It's likely what we'll go with 

Francisco


----------



## rupe (Sep 6, 2013)

Just to clarify, would a snapshots only have a "life expectancy" of two (2) weeks maximum? Or would they be like the AWS/Digital Ocean Snapshots, where they would be available until deleted by the user. If it is the latter, I assume there would be a limit on the amount of snapshots/snapshot size one could have before having to either pay more, or delete old snapshots?

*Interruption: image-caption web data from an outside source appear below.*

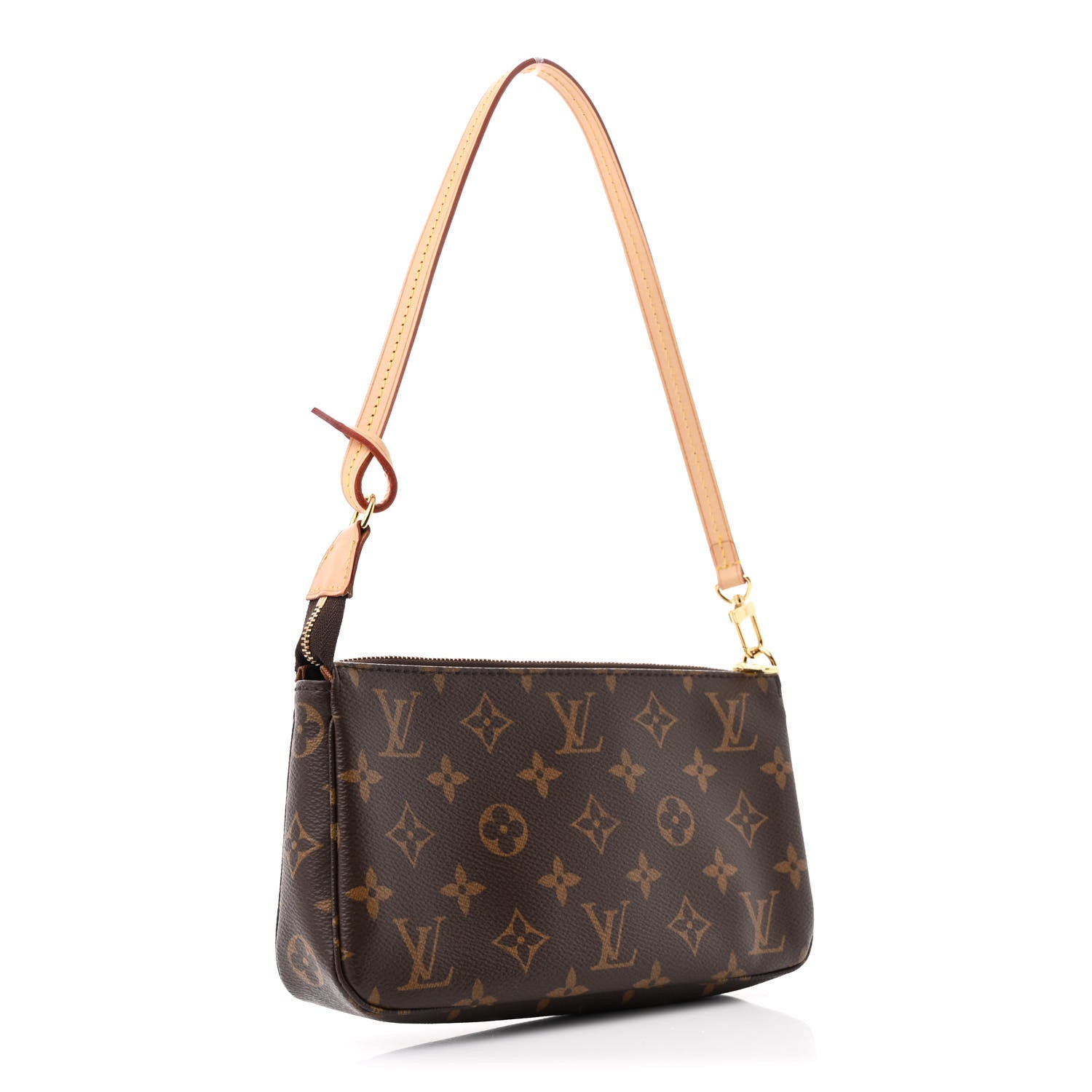 Louis Vuitton Monogram Pochette Accessories NM 2 of 9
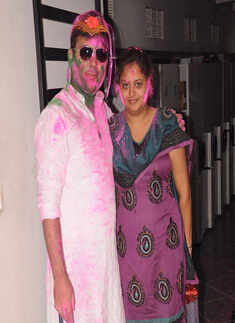 Holi Milan do by ICAI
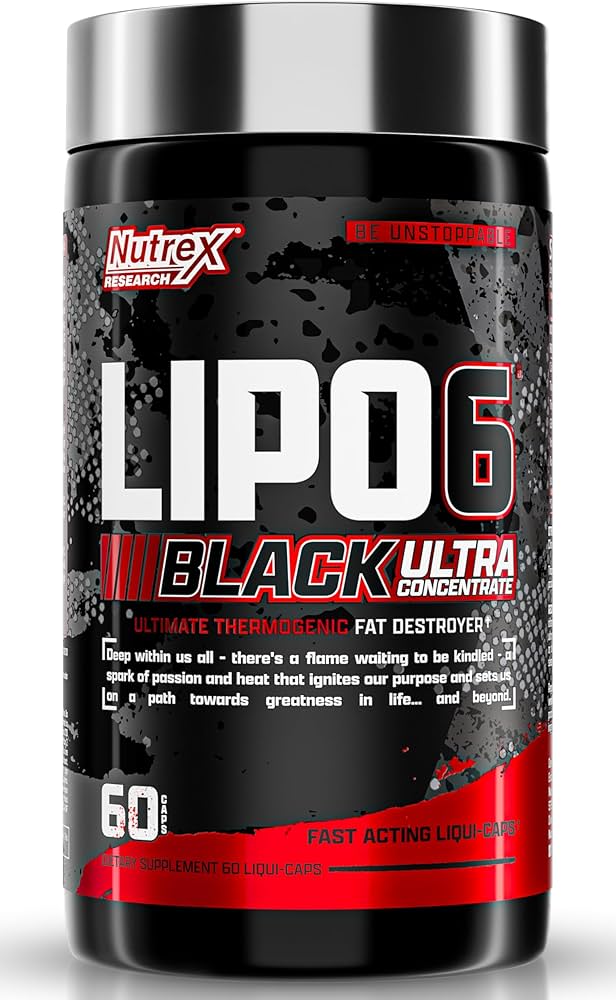 LIPO-6 Black Fat Burner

I agree with the rest, that 15% is very reasonable


----------



## Francisco (Sep 6, 2013)

snapshots last the life of the VPS.

We'll be deduping the space so assuming you aren't keeping snapshots of 100% different data every time the cost of it shouldn't be very high for us.

Francisco


----------



## rupe (Sep 6, 2013)

That's great! Now the obvious follow-up question...when?


----------



## Francisco (Sep 6, 2013)

I'm just working out all the details right now as well as how to integrate parts of it 

We had some design issues with OpenVZ but I think Anthony & I have come up with a positive solution.

Francisco


----------



## rupe (Sep 6, 2013)

While I've got your attention  , I have an off-topic suggestion/wish feature for your Stallion Control Panel. If you could add a status indicator (online/offline) to the Dashboard's Virtual Servers list.


----------



## Francisco (Sep 6, 2013)

rupe said:


> While I've got your attention  , I have an off-topic suggestion/wish feature for your Stallion Control Panel. If you could add a status indicator (online/offline) to the Dashboard's Virtual Servers list.


It's in the works 

The_Hatta asked for that awhile back, I've just not had a chance to test it.

Francisco


----------



## clarity (Sep 6, 2013)

This is why I love BuyVM! You guys never except the status quo, and it is great for the customers. I am really looking forwarded to the SSD based plans, and the other secrets that I am sure are in the works.


----------



## wolfpackmars2 (Sep 6, 2013)

I'm not really interested in backups, mainly because my VPS is a storage VPS that I use as a backup server anyways.  Since "I'm not interested in backups" was an option on the questionnaire that's how I responded.  I would hate for you to go into this expecting X number of customers and you only get 0.5X real customers.  However, I think 20% would be fair for those who do use the service (which someday I may).  I bounced around between 15 and 20%.  At 20% you realize that's 1/5th of the cost of getting a whole VPS.  Or you could get a storage VPS and maintain your own backups.  buuuuuttttttt....  there is something to be said for the convenience of automated snapshots.  Plus, this could be a sort of simple way to set up a "base" image and rolling it out to multiple servers easily, which is worth it's weight in gold.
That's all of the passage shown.